The Bible stands alone as God’s Word – the Word of God – and that alone is our infallible guide to salvation and godly living.

But that doesn’t mean that the Spirit is no longer speaking. Why would that follow? The Scriptures have a unique and irreplaceable function. Nothing challenges their role.

At the same time, we have a personal relationship with a personal God, and Jesus Himself said that we, His sheep, hear His voice (see John 10:27; the Greek speaks of an active, ongoing hearing and obeying).

The Spirit may direct us to go into a certain career. Or to embark on a particular ministry endeavor. Or to encourage our faith in a dark time. How does that compete with Scripture?

In the same way, the Spirit continues to speak to us through prophetically gifted people.

But hear this clearly: Prophets are not glorified fortune tellers. Their role is not to give us abstract information about tomorrow. Instead, if they give us information about tomorrow, there will always be a practical reason for it.

It could be to prepare us for difficult times (see Luke 22:31-32; Acts 11:27-30; 20:22-24). It could be to build our faith, helping us to hold on until the answer came (see Acts 27 and Paul’s role during the shipwreck). It could be to bring something unexpected to our attention, causing us to change our planned course (see Acts 16:6-10).

When it comes to Trump, it is possible that, because he was such an unlikely candidate, God revealed to a number of prophetic ministers that he would be used to accomplish good for America and for Israel. (You can evaluate all the prophetic words here relative to 2016.)

In the same way, it’s possible that these same prophetic ministers have been declaring that Trump will serve a second, consecutive term because of a massive attempt to steal the election from him. The prophets would then be saying, “Don’t lose heart! It will happen.”

Or they could be wrong. All of them. It has happened before. (Note the striking account in 1 Kings 22, where all the king’s prophets gave patriotic prophecies. Only an outsider had the real word, and it was a bad one.)

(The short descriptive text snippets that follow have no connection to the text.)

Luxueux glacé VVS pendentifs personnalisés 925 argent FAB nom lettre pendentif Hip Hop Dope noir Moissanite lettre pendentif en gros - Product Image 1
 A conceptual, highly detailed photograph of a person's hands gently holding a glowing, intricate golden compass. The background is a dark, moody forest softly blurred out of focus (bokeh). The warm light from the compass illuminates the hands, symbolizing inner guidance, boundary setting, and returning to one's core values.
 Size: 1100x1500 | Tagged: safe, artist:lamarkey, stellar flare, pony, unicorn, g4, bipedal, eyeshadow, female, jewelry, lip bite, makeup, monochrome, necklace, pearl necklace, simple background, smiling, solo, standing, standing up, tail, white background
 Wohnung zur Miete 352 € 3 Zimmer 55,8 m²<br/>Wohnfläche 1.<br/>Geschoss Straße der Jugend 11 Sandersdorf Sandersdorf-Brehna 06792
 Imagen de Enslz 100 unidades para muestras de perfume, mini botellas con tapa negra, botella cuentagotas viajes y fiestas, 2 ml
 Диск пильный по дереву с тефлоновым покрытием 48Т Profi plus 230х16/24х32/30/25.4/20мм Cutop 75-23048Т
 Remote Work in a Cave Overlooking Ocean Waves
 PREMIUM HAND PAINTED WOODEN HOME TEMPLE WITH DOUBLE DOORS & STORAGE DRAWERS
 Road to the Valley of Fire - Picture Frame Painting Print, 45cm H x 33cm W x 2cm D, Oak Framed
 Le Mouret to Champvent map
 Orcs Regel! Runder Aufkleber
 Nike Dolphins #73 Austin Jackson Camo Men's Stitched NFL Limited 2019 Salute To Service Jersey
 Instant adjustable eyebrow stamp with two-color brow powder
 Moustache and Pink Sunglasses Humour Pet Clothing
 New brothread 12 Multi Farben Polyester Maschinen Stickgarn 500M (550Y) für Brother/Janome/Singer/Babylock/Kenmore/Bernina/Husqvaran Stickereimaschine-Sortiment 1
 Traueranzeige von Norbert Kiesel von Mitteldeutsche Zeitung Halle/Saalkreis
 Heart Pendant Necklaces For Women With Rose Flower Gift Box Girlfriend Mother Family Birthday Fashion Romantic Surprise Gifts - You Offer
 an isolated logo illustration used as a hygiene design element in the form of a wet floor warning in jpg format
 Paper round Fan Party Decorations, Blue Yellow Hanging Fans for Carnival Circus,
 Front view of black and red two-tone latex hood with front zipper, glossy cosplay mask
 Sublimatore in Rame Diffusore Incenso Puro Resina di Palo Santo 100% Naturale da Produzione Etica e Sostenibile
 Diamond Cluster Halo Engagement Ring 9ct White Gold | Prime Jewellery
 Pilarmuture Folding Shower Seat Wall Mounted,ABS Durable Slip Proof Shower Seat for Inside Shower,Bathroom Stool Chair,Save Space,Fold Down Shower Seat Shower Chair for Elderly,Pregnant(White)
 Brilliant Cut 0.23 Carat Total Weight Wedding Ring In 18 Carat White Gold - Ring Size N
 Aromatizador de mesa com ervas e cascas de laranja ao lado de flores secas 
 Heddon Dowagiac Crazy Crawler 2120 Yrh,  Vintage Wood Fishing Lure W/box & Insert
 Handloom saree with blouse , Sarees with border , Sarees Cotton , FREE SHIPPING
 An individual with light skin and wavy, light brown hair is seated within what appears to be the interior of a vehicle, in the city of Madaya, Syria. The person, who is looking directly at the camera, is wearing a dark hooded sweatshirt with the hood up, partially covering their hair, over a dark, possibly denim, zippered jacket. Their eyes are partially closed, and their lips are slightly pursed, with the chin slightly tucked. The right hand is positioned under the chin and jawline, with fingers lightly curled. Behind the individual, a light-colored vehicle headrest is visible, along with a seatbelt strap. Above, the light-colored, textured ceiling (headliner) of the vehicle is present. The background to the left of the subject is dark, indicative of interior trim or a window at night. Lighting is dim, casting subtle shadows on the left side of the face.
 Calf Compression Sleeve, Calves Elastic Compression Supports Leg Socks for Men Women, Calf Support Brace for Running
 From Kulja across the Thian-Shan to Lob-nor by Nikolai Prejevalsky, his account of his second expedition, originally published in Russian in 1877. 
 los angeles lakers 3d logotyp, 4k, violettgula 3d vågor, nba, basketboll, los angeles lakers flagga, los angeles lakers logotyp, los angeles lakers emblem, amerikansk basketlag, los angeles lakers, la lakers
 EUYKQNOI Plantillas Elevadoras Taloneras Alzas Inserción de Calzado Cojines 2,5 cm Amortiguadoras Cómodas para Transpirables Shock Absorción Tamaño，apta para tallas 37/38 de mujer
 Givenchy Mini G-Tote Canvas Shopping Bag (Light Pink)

But before you pick up stones to stone them (yes, I’m speaking metaphorically), let’s wait until the final verdict is rendered.

Either way, though, whether they are right or wrong (some of them are my colleagues and friends), there are several things we can say for sure.

First, prophesying about political outcomes is not the primary purpose of prophecy. Rather, as rendered in the NLT, “the essence of prophecy is to give a clear witness for Jesus” (Revelation 19:10). In the end, He must be central.

Second, the Church is not led by prophets. They do not give national or international directives to the Body of Christ. They are fellow-ministers, along with others who are gifted and called. That’s also why it’s inappropriate for contemporary prophets to point to 2 Chronicles 20:20 (where the king of Israel tells the people to believe a specific prophetic word), in order to tell people today, “Believe our message!”

Third, the words of contemporary prophets must be tested and evaluated (1 Corinthians 14:29; 1 Thessalonians 5:19-21), since, according to Paul, “we prophesy in part” (1 Corinthians 13:9). Plus, in this New Testament era, every believer can potentially prophesy (Acts 2:17-18; 1 Corinthians 14:39). That’s why we do not stone them to death if they get something wrong, as was mandated in Old Testament times. But that’s also why we do not lend them the same authority that was given to Old Testament prophets.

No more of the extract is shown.